The Everything Exchange Era
There has been a cambrian explosion in exchanges. Crypto market structure now spans perp exchanges (e.g. Hyperliquid and Lighter), prediction markets (e.g. Kalshi and Polymarket), RFQ venues (e.g. Variational and Ostium), AMMs, spot venues, options venues, and more. Each venue gives traders access to a specific liquidity profile, market structure, fee schedule, and risk model. That specialization creates better ways to trade, but leaves margin and risk separated across accounts. If a trader wants to fund a Polymarket position but only has BTC on Hyperliquid, they must reduce exposure, move funds, wait for settlement, and pay transfer and execution costs. In periods of stress, when trading opportunities are most time-sensitive, high gas costs, chain congestion, and slower settlement make those delays especially costly. Most exchanges recognize this fragmentation problem. Their response is to expand toward the everything exchange model: one account where a trader can access the instruments, markets, and collateral workflows they need without leaving the venue. The goal is to make margin portable inside the exchange, even if it remains isolated from the rest of the market.Exchange Expansion Tradeoffs
The exchanges trying to do this mostly fall into two categories. The first category is venues with their own liquidity, such as CLOBs. Hyperliquid is the clearest example. These venues can provide deep orderbooks, native limit orders, strong price discovery, and transparent market structure.
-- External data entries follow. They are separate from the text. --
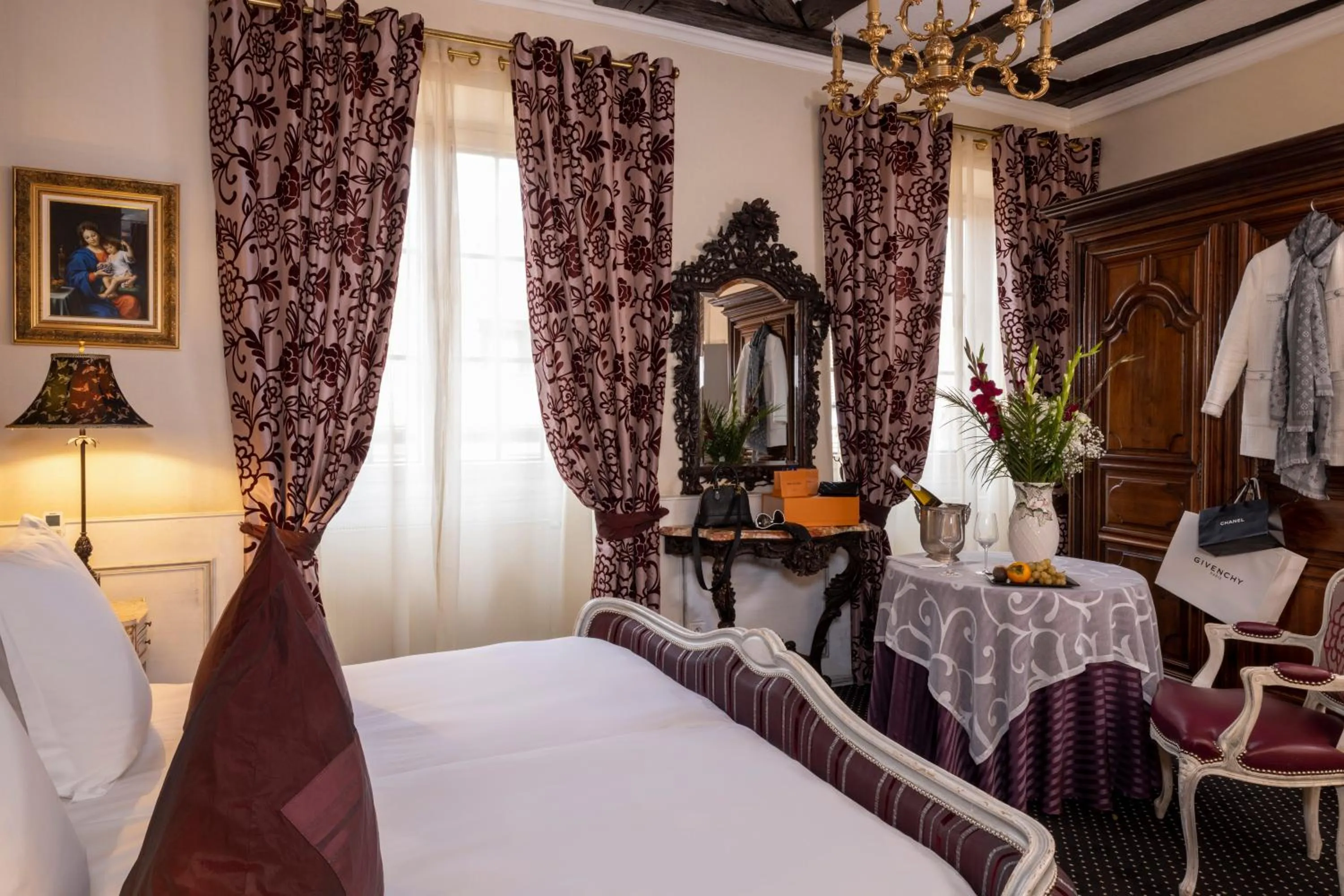 Photo of the whole room, Bed in Hotel Restaurant Le Maréchal - Teritoria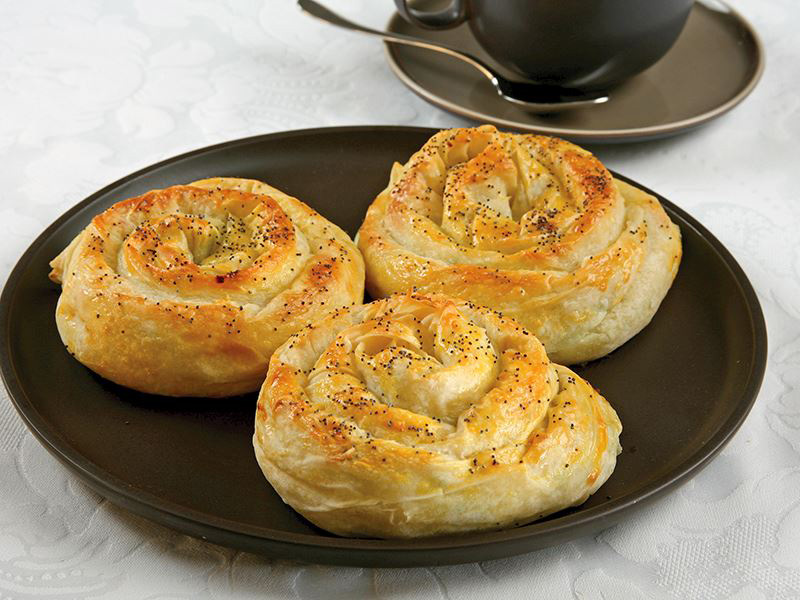 Patatesli Gül Böreği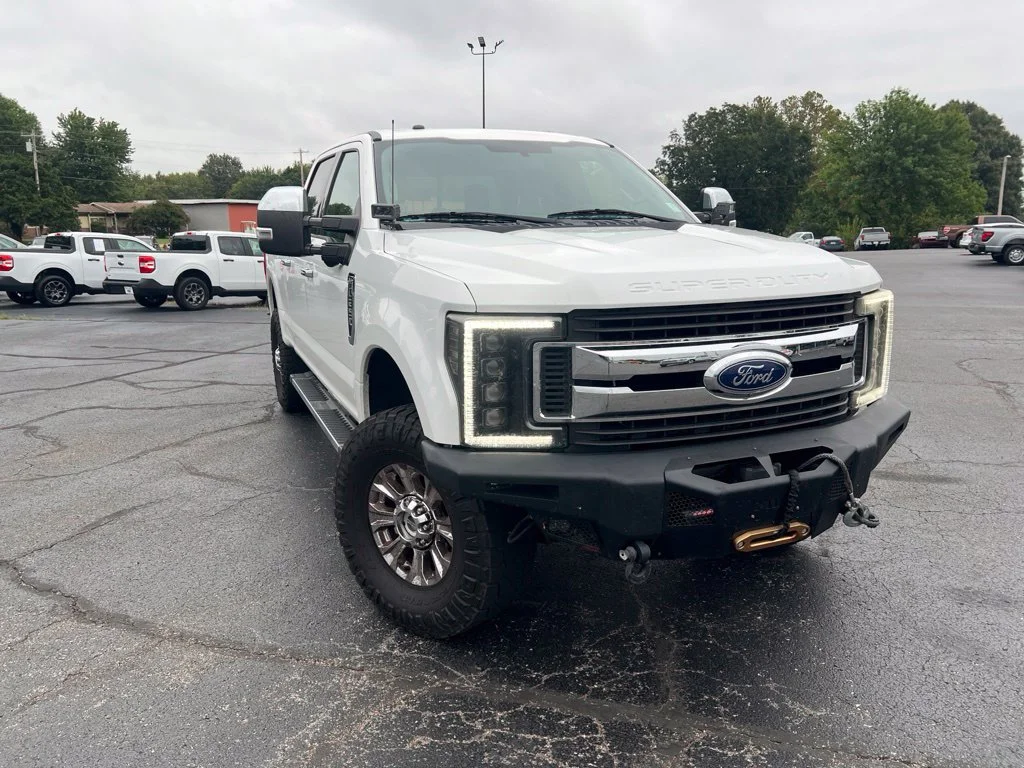 Used 2017 Oxford White Ford XLT image 1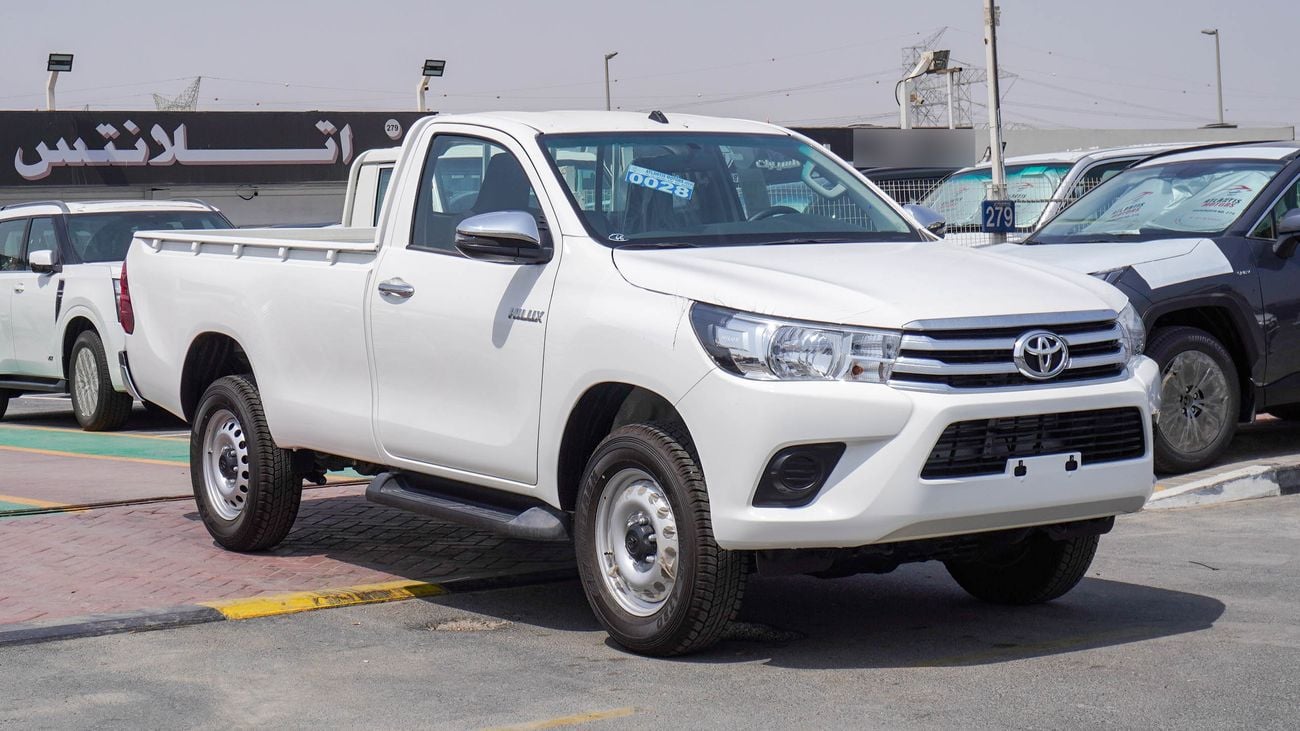 Toyota Hilux GLX 2.4L DIESEL 4WD M/T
The tradeoff is that every new market needs liquidity to be rebuilt from scratch. The second category is RFQ or synthetic-exposure venues. These can list new markets quickly because they do not need to bootstrap a full public orderbook for each instrument. The tradeoff is that users accept a different set of risks: spreads can be wider than the underlying venue, limit-order behavior is less native, and PnL can depend on the solvency and behavior of the market maker. Both models are powerful and have clear advantages. The optimal system gives traders access to both. This is what Notional enables.Notional’s Model
Notional is an application-specific blockchain that lives directly on top of exchanges. It connects margin and risk across venues through an onchain ledger, a built-in risk engine, and exchange accounts operated through an omnibus model. The omnibus model means Notional traders deposit to and trade through shared protocol accounts on underlying exchanges. On Hyperliquid, for example, Notional operates through a single protocol account, while its ledger internally credits each trader with the right collateral, positions, debt, funding, fees, and PnL. If trader A and trader B both deposit to Notional on Hyperliquid, both deposits are held in the same underlying Hypercore account, but the ledger credits each trader separately. If trader A goes long $10 of BTC-USDC perp and trader B goes short $10 of BTC-USDC perp, the Notional Hyperliquid account has zero net exposure. The Notional ledger still records trader A’s long and trader B’s short, and the risk engine evaluates each account independently. Each block is therefore mostly made up of financial actions across connected exchanges: deposits, orders, cancels, fills, withdrawals, funding, fees, and risk updates. Exchanges still provide execution. Notional provides the shared account, ledger, and risk engine above them. The model creates three core advantages.- Higher capital efficiency through cross-exchange margining. For example, positive unrealized PnL on one exchange can fund a trade on another.
- Lower operational risk. Traders no longer need to bridge funds, pre-fund every venue, or manually move collateral before they can trade.
- Greater access and liquidity. Traders can access more markets and choose where to route orders by price, liquidity, fees, latency, risk, payoff function, and market structure.